What would be your parting tool of choice for most of your work?

thanks…John


----------



## Kreegan (Jul 10, 2012)

I love my homemade thin parting tool. This is the video I watched to make it:


----------



## JollyGreen67 (Nov 1, 2010)

1/16" by Sorby. Also have a 1/8" diamond style I use for other cuts.


----------



## tamboti (Oct 19, 2009)

John I have a homemade one 2.5mm planer blade the sharp edge rounded a little and has normal parting tool grind.
Regards Tamboti


----------



## Wildwood (Jul 22, 2012)

I have four parting tools, started out with 1/8" Sorby diamond parting tool, added Sorby Bedan, Regular, and no name thin parting tool over the years.

If had to live with only one of those would be diamond parting tool. Only down side to them is leaving nicks in cast iron tool rest. Few passes with file takes care of those nicks.

I use the Bedan and Regular parting tool for more than just parting. Have rounded side edges on regular parting tool but not Bedan.

Thin parting tool only good for parting thin stock not much else.


----------



## Kreegan (Jul 10, 2012)

How do you like your bedan? I've been thinking of getting one lately.


----------



## ScrubPlane (May 22, 2012)

Thank you all for the comments and suggestions…they are much appreciated.
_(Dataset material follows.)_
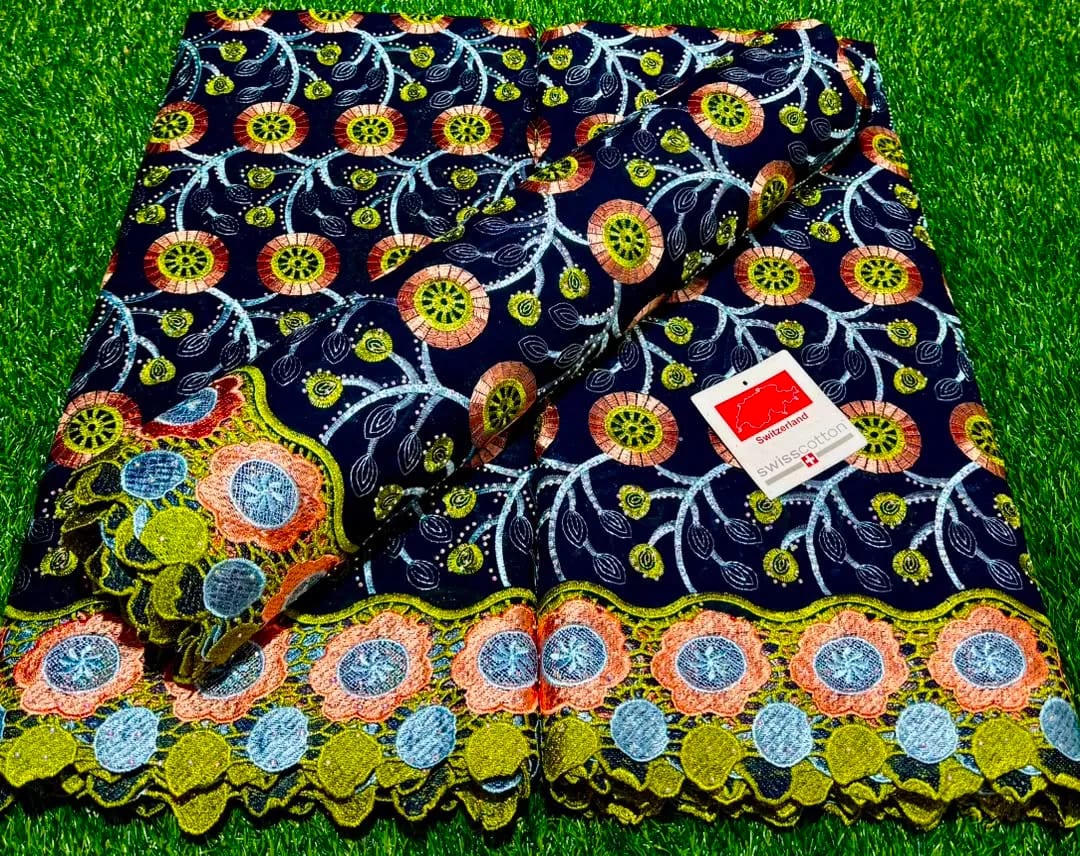Luxury Swiss Voile Lace Fabric(5 Yards / Swiss Cotton) - 2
I've been doing home woodworking off and on my entire life but have just recently purchased a NOVA DVR and have taken up the hobby of 'turning' in between construction projects as a way to stay in the garage.
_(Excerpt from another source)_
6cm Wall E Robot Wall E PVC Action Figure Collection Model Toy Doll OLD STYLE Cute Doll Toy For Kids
Needless to say I can use all of the advice possible as I learn…thanks again and Happy New Years.


----------



## bondogaposis (Dec 18, 2011)

I made a thin parting tool like this one. It works great.


----------



## Wildwood (Jul 22, 2012)

Kreegan, like the Bedan, my first choice for cutting small beads. Can also use a Bedan as a skew chisel. Most people use them as a sizing tool. I use a diamond card to sharpen my tool. No, am not as competent with a Bedan as Jean Francois Escoulen.

I have wasted a lot of wood practicing with my Bedan. Not sure it replaces my skews, or spindle gouges yet. Bought many years ago not sure would buy another Sorby at today's price. Packard Woodworks house brand is only $41 not including shipping.

If were buying one today might look at one made by Benjamin's Best
http://www.pennstateind.com/store/LCBEDAN.html






Bench chisel used as a Bedan. I am not this good!


----------